Cuando cumplí veinticinco tenía ya una gran cantidad de plata guardada y empecé a concertar citas con una serie de cirujanos para llegar a un punto medio y poder hacer las correcciones que quería. No fueron necesarias las extensiones, porque hace años que mi pelo crecía. Para alguien que no nació con especiales facciones femeninas, me moldearon bastante bien y pasaba fácilmente por una mujer acuerpada, a quien el ejercicio le ha deformado parcialmente el cuerpo. En mi casa nadie sabía de mis planes; pensaban que eran verdaderas afecciones las que me aquejaban (para mí realmente lo eran, pero ellas nunca lo supieron; tal vez Lucero lo intuyó), y cuando llegué maquillado por primera vez, no me volvieron a hablar y amagaron irse de la casa. Aunque sabía que no lo harían, decidí irme yo. Hasta hoy no sé de ellas. El otro día vi un obituario en el periódico con un nombre como el de mi mamá pero no llamé a Lucero ni a Carmela.

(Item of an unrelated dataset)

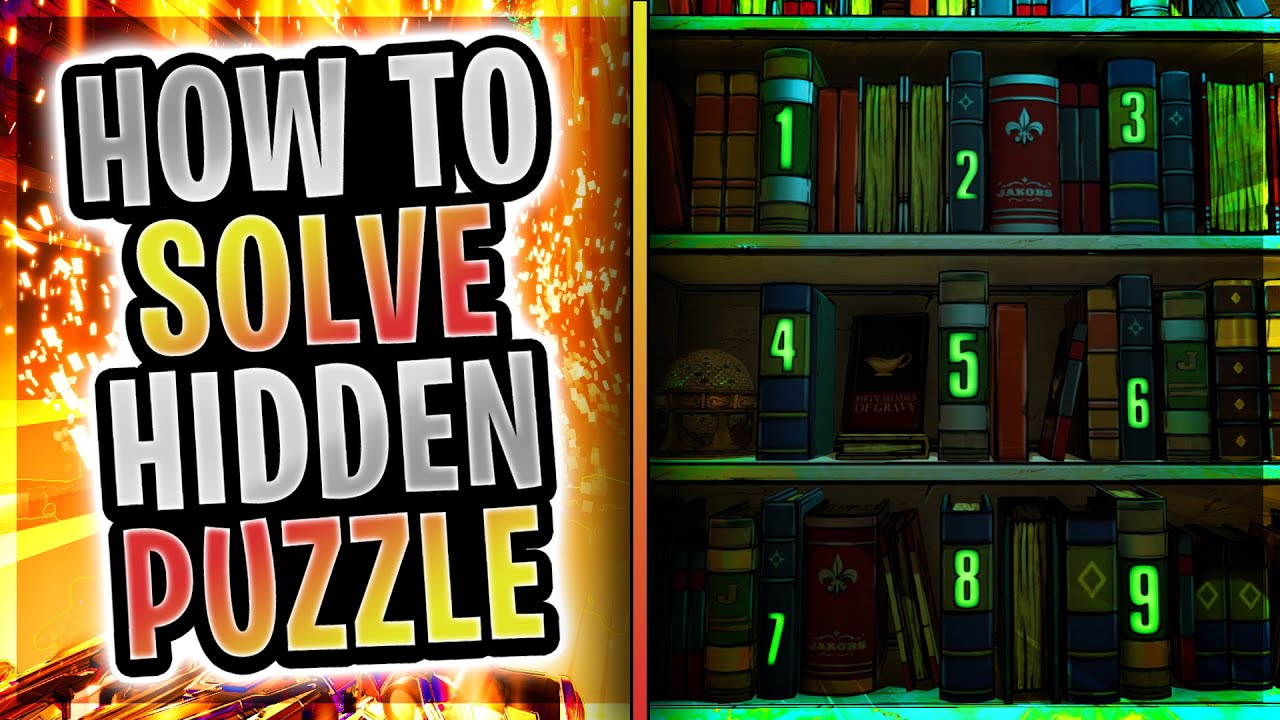 Borderlands 3 │ How to SOLVE the HIDDEN PUZZLE in Revenge of the Cartels!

Pasé de masturbarme todas las noches pensando en la innumerable lista de películas que vi mientras crecía (acción y porno, sobre todo; nunca fui fanática del romance), a cobrar más del triple de lo que ganaba por muerto. Siempre me he preocupado por ser excelente en lo que hago. Me llaman cada noche, aunque ya puedo darme el lujo de rechazar la mayoría de ofertas.

Hoy tengo una cita a las diez, en uno de los bares más famosos de Bogotá (también me cambié de ciudad), para acompañar a un político cuyas desviaciones nadie conoce pero que siempre me llama porque sabe que conmigo no tiene pierde. Todos los días me pregunto por Carmela, porque ya debe estar rozando los quince y no se me haría raro que estuviera esperando un hijo.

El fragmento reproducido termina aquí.